Closed willow-ahrens closed 1 year ago
This is something we've discussed, but I don't recall the current consensus.
A related issue is how to store the value of an iso-valued tensor. At first we were thinking to include the iso-value in metadata, but I think we are leaning towards saving a length-1 array to store the value so that we don't need to worry about how to accurately save the value in JSON.
So, if we store the iso-value in an array, then I suppose we could do the same for non-zero fill values.
Yes, this is in the current spec.
Current consensus is to store the single value as a length-1 array in the data container. (If we stored it directly in JSON, we'd have to worry about all types being representable both in pure JSON and also in the data container.)
My question was about a custom zero (background), not the case where all the nonzeros (foreground) are the same.
I would have a problem with that in GraphBLAS. The implied value of entries not present in the matrix depends on the semiring used. Any given matrix can move between semirings. So in GraphBLAS, the "fill value" would have to be ignored.
In Julia a fill value is sometimes expected, and I think SuiteSparseGraphBlas defines a novalue
type for this purpose. Would it be okay to just define novalue
when working with graphblas matrices? Sometimes the fill value is very explicitly zero, sometimes it means something akin to "there is no edge here", and it would be nice to be able to say which it is in the format.
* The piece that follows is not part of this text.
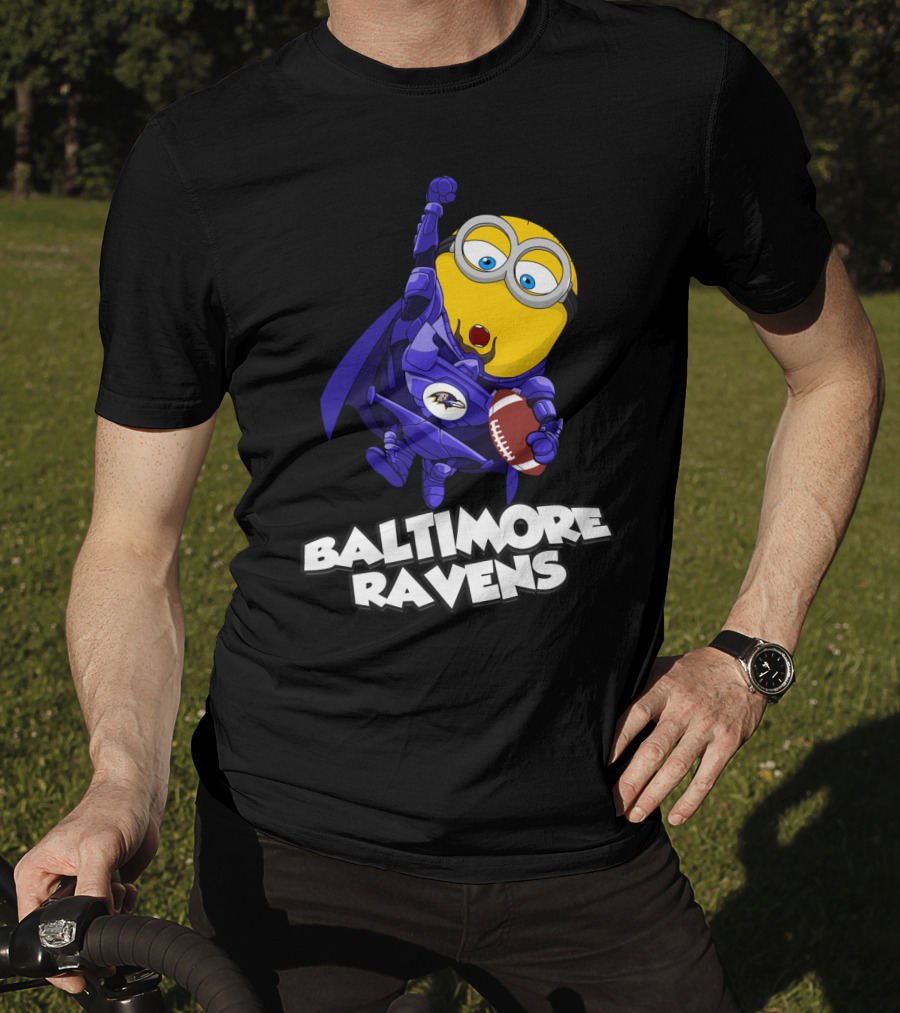 Baltimore Ravens Minion Football Fan T-Shirt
By design, GraphBLAS has no implied fill value. Empty entries in the matrix aren't nonzeros, they just don't contain anything. So GraphBLAS would have to ignore any fill value. (Which would probably be a fine thing to do.)
(The rationale for this is that the identity value changes constantly with the semiring, which will often be different in successive operations. Some operations may just use a binary operator and have no identity value at all.)
I agree with @BenBrock, I think it would be okay for GraphBLAS to simply ignore the fillvalue and to not save a fillvalue by default.
I think allowing fill values is important for some uses cases. Zarr and pydata/sparse
also allow non-zero fill-values.
To summarize the discussion today, it sounds like we want to add a JSON key for the fill called "fill", and we want the key to have two possible values: "specified" or "unspecified". Fill defaults to "unspecified". If "fill" is "specified", there's an hdf5 array called "fill" and it has a single value which is the fill value.
Yes. The only other thing we might want to mention in the spec is that the fill
array must have the same data type as the values
array, so there is no need to specify the fill data type in the metadata.
I agree. Let's add that to the spec for now. It feels sortof related to https://github.com/GraphBLAS/binsparse-specification/issues/24
Will the values for "fill"
in metadata ever be anything other than "specified"
or "unspecified"
. If it's boolean by nature, why not use a key in the metadata that stores boolean?
yes, let's make it boolean.
Is it in scope to allow users to choose their own fill value (sometimes called implicit value, usually zero)?